I can already see you rolling your eyes, perhaps smirking a bit. “That’s just mom being typical old mom. Go to church! Pay your tithes! It’s so old fashioned.” You’re probably saying it in a way that doesn’t sound like you were born in the 1970s, but you get my meaning.
I want you to know, I say this not (just) because we’re Christians and I want you to be a Christian because that’s a nice thing to be. I say this because marriage is one of the best things you can do with your life, and because who you marry is one of the most important decisions you will ever make.
Marriage is more than a romantic partnership.
It is a partnership, period. It is the foundation of every human institution because it is the foundation of family. Statistically speaking, marriage is the most direct path to the middle and upper class. Morally speaking, marriage is the most direct path to healthy children and healthy communities. Don’t believe me? Look around you. What does a community where few people are married look like? What does a community where most people are married look like?
Just like most things worth having, marriage is difficult. You are not just making a promise to someone, you are entering a covenant, an unbreakable contract with God and your family. I recognize that we no longer live in a society that views marriage as unbreakable, but again I ask you to just look around you and take in the aftermath of broken marriages. Breaking the unbreakable comes with severe consequences.
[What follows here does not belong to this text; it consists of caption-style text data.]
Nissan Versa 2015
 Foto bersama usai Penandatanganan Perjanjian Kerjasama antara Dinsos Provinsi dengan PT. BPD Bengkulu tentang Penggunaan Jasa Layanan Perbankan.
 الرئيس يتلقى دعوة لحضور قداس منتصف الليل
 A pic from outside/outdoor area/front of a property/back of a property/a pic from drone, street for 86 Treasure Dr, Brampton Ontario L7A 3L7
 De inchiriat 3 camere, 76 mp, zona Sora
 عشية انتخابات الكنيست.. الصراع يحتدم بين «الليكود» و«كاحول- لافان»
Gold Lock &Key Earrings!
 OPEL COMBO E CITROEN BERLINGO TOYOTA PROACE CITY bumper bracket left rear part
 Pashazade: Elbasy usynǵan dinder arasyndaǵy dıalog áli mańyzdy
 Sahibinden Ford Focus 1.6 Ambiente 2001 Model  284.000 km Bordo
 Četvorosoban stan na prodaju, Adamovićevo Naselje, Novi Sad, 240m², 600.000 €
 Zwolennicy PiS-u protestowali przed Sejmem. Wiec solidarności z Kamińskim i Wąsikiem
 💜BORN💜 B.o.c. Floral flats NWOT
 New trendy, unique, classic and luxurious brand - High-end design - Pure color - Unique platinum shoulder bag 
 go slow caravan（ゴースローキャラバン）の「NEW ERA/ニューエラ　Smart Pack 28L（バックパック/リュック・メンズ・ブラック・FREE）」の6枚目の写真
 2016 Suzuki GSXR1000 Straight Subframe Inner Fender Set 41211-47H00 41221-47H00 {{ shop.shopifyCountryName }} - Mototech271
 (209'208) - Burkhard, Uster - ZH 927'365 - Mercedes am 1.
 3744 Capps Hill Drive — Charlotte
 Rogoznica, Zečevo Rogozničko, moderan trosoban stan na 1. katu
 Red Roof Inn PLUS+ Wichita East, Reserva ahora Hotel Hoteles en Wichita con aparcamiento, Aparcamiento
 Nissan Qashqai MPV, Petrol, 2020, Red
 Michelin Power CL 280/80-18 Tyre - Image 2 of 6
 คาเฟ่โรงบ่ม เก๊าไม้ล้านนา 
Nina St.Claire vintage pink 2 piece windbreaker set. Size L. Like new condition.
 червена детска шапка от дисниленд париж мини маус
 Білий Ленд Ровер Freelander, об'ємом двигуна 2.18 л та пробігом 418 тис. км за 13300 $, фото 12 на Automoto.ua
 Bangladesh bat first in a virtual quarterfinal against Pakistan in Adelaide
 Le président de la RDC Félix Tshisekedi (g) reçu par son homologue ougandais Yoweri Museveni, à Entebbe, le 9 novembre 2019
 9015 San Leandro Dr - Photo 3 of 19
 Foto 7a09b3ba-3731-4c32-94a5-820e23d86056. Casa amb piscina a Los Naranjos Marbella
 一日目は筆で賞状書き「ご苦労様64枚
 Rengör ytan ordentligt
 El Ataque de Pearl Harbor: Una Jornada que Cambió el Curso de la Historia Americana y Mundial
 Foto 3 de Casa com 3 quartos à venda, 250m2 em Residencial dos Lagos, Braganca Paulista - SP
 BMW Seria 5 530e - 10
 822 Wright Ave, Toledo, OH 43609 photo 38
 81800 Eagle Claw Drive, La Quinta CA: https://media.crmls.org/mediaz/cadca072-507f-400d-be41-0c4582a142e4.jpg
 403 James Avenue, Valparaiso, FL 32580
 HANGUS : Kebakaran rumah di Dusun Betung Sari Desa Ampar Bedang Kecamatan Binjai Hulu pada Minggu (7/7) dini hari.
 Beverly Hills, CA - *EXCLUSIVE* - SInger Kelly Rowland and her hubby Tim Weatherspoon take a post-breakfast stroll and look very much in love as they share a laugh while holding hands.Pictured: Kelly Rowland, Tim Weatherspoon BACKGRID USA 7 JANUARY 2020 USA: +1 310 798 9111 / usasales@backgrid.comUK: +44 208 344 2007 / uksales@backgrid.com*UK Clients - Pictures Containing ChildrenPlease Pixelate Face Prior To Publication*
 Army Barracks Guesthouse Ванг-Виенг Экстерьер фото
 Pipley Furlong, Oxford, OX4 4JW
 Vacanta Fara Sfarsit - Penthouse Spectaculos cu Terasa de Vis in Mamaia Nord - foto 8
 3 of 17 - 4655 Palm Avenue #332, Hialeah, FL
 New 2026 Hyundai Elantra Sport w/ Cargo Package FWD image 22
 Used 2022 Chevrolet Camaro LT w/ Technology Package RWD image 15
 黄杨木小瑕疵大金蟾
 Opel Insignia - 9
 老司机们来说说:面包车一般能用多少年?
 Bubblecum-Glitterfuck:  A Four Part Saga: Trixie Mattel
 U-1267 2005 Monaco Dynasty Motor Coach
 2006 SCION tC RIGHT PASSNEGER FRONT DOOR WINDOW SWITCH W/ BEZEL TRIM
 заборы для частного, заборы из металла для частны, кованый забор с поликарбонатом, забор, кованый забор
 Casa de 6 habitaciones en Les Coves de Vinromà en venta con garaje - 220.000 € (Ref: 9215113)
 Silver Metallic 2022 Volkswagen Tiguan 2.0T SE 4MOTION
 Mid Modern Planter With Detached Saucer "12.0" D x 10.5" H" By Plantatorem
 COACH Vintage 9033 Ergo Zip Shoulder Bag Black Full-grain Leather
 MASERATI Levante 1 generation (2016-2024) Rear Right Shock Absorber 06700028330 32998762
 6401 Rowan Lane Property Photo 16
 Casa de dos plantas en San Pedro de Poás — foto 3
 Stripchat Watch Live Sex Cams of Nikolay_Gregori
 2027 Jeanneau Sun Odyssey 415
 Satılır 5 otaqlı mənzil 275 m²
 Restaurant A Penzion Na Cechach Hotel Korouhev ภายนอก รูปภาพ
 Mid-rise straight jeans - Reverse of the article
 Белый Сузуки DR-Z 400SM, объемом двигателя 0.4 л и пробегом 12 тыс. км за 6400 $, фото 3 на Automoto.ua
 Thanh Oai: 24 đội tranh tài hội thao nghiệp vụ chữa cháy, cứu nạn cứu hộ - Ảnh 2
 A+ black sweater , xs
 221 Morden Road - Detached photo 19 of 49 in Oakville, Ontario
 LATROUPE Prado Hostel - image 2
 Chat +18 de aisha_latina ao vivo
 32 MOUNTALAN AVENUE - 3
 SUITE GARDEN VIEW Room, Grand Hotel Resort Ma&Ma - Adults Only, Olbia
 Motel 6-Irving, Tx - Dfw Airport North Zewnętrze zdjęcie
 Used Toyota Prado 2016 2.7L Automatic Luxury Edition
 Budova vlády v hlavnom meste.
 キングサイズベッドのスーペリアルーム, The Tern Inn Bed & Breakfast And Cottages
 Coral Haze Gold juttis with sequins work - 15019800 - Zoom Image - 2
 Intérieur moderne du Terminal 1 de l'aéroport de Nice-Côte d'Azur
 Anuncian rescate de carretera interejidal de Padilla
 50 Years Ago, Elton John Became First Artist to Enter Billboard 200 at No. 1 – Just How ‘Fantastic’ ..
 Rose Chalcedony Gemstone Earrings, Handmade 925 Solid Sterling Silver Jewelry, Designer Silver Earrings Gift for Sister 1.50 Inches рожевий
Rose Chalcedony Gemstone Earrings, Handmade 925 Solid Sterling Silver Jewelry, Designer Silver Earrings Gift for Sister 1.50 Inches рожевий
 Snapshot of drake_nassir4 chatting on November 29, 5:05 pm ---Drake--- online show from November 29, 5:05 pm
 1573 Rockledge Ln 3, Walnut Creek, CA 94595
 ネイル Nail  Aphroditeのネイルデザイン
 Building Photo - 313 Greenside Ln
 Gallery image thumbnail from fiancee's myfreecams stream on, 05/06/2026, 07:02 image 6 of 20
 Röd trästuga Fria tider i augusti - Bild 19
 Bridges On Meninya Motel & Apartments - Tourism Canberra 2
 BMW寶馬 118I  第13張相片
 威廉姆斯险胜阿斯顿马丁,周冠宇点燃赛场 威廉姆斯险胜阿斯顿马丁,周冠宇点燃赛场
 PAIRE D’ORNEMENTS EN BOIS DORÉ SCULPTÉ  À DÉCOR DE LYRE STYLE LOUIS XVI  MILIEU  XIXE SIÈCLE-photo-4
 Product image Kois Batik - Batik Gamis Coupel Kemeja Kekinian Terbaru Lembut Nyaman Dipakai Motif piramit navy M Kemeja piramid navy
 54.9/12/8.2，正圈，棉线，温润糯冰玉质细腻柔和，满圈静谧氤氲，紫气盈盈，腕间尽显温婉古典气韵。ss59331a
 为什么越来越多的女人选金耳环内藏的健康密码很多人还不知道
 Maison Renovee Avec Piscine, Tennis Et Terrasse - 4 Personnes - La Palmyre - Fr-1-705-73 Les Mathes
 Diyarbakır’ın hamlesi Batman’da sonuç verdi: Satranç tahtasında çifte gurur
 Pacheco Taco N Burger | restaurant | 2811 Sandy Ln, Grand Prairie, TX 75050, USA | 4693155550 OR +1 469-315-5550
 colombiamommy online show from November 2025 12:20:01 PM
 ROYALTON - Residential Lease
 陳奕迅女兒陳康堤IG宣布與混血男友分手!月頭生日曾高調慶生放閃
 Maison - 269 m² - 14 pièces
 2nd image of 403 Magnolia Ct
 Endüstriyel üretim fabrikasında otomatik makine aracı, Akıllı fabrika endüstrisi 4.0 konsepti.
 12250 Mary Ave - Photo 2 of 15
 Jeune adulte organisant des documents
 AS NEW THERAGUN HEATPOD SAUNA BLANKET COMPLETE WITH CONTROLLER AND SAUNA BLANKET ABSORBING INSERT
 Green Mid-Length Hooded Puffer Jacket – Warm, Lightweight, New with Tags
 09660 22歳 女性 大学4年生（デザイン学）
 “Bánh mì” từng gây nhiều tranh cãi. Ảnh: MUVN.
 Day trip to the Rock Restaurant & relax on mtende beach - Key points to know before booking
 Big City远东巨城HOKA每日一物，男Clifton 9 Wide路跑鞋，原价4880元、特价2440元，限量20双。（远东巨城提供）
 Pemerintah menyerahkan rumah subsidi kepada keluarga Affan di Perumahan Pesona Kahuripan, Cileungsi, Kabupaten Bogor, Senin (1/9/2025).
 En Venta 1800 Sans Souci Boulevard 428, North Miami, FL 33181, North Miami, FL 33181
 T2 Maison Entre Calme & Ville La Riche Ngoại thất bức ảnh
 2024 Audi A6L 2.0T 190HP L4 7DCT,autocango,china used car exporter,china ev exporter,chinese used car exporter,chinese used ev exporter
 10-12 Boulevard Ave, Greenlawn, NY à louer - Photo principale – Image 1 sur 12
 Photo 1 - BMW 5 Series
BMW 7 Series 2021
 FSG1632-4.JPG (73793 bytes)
When you marry, you are making the promise to put someone else before yourself. You are becoming a servant. That’s a bad word these days, but it is one of the most important words in our faith. It means “you before me.” It is very, very difficult to honor such an idea. It requires commitment, stamina, and humility. It requires an unshakeable foundation, one that can weather the earthquakes that life will undoubtedly bring. It requires a direction, a True North, something you can point your steps toward and straighten your path. You know those famous words from the vows most people take?
“For richer or poorer, in sickness and health, for better or for worse…”
Most people don’t imagine just how “worse” the worst can be. The partner you choose can make the difference between crumbling under the weight of the worst and thriving because you’ve survived the worst.
When I implore you to choose a godly partner, it is because to have a successful, lasting marriage you will need someone who understands the nature of commitment. God is author of commitment.
No one will be able to stand against you all the days of your life. As I was with Moses, so I will be with you; I will never leave you nor forsake you. Joshua 1:5
He is the ultimate example of commitment, reaching out across time, space, and matter to choose you…you…and stand with you even in your worst moments. Even when you’ve betrayed Him and yourself. Even when you’re at your lowest. There is no greater example of commitment than our Lord. You’ll need a partner who understands that, because as humans, our commitment wanes. We are emotional creatures. Our eyes wander, our thoughts stray, our feelings change.
A better word for love might be “commitment” because it implies choice. Being in love is a feeling. Loving someone is a choice. It means committing to the “you before me” idea even when you’re angry, even when you’re hurt, even when you’re right. It means always choosing your partner, every day, even when it feels too difficult. That’s a hard thing to do. It’s harder when you’re stuck with a person who doesn’t view commitment the same way.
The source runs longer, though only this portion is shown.